*** Opening The data ***
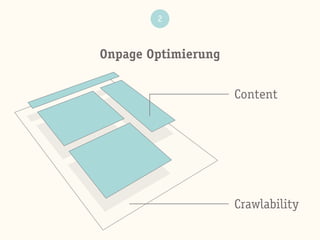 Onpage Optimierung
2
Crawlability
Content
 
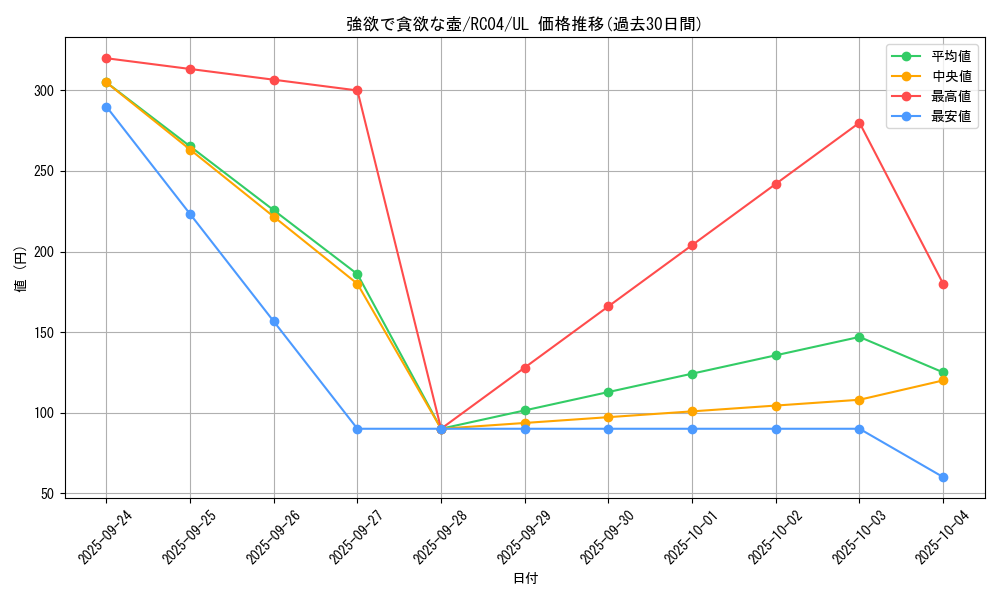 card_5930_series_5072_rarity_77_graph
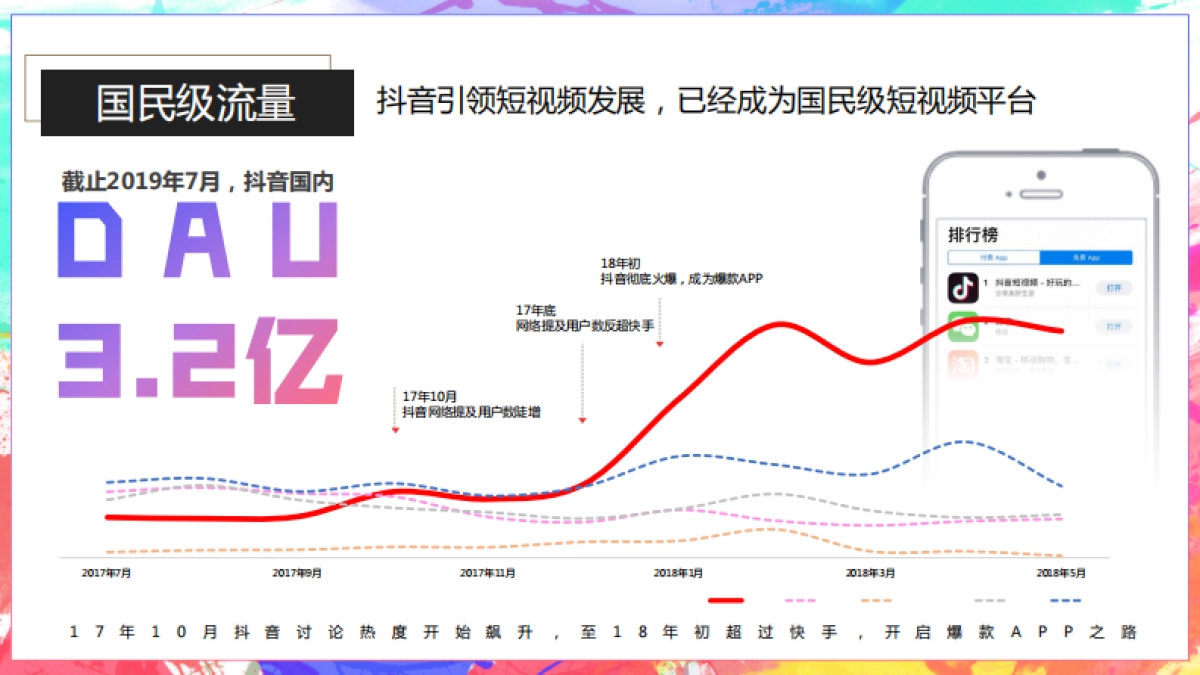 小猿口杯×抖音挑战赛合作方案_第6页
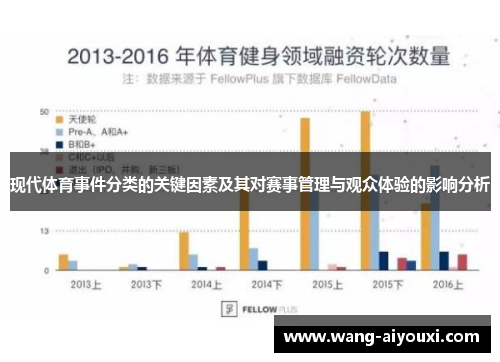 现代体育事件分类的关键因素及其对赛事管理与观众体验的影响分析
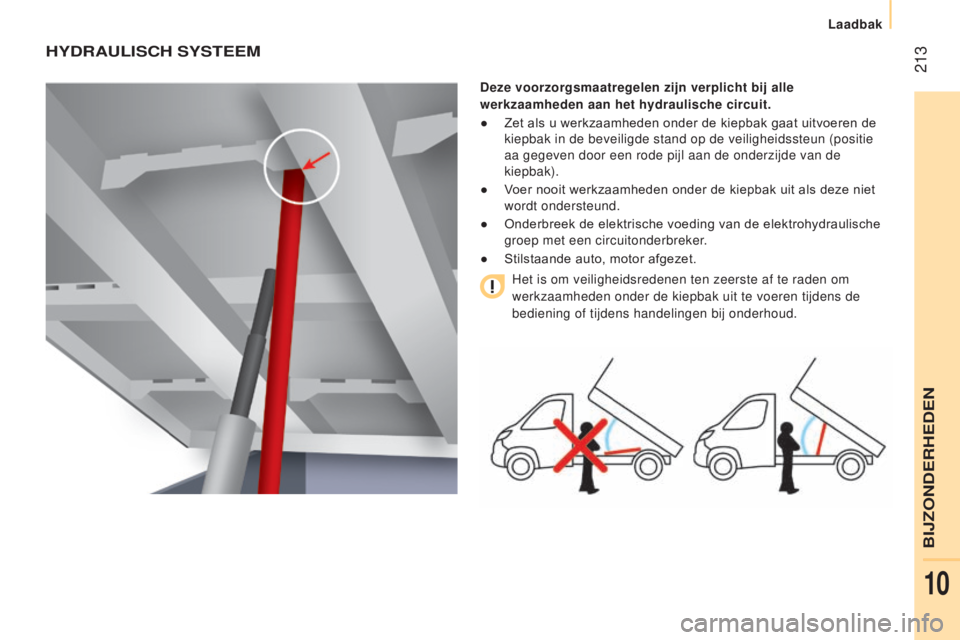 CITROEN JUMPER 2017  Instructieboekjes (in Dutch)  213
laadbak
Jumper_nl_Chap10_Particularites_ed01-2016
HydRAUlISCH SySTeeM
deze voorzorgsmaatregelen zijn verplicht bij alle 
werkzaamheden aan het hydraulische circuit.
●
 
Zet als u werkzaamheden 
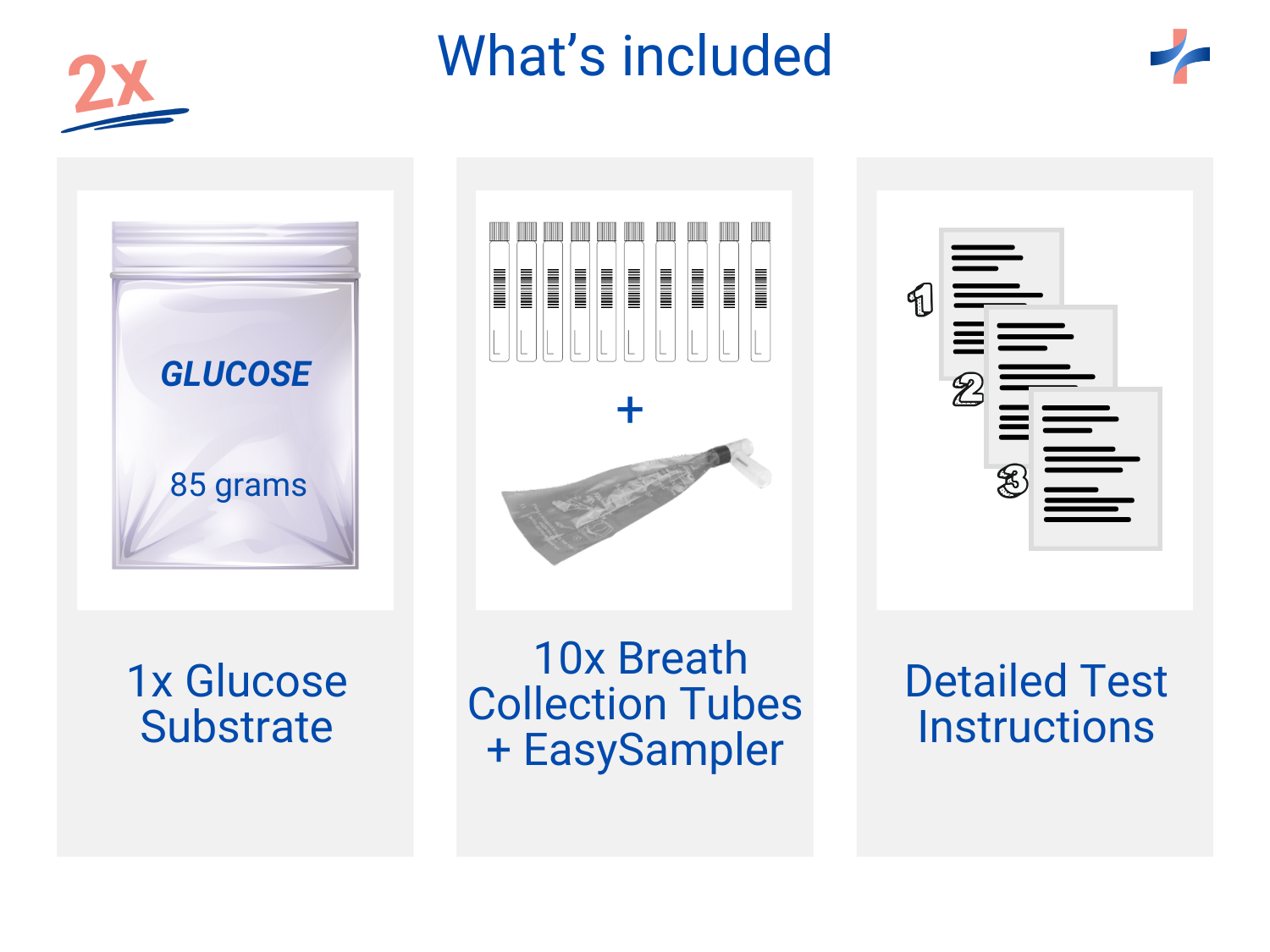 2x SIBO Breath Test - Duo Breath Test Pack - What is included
*** Closing The data ***
*** Opening The data ***
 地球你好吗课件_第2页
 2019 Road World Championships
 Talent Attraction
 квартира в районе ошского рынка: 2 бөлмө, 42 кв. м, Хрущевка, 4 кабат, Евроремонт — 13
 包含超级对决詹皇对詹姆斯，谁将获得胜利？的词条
*** Closing The data ***
▶ Activity
Return, word for word, the lines of the data above from the line with "2019 Road World Championships" through the line with "包含超级对决詹皇对詹姆斯，谁将获得胜利？的词条", inclusive.

▶ Your response
 2019 Road World Championships
 Talent Attraction
 квартира в районе ошского рынка: 2 бөлмө, 42 кв. м, Хрущевка, 4 кабат, Евроремонт — 13
 包含超级对决詹皇对詹姆斯，谁将获得胜利？的词条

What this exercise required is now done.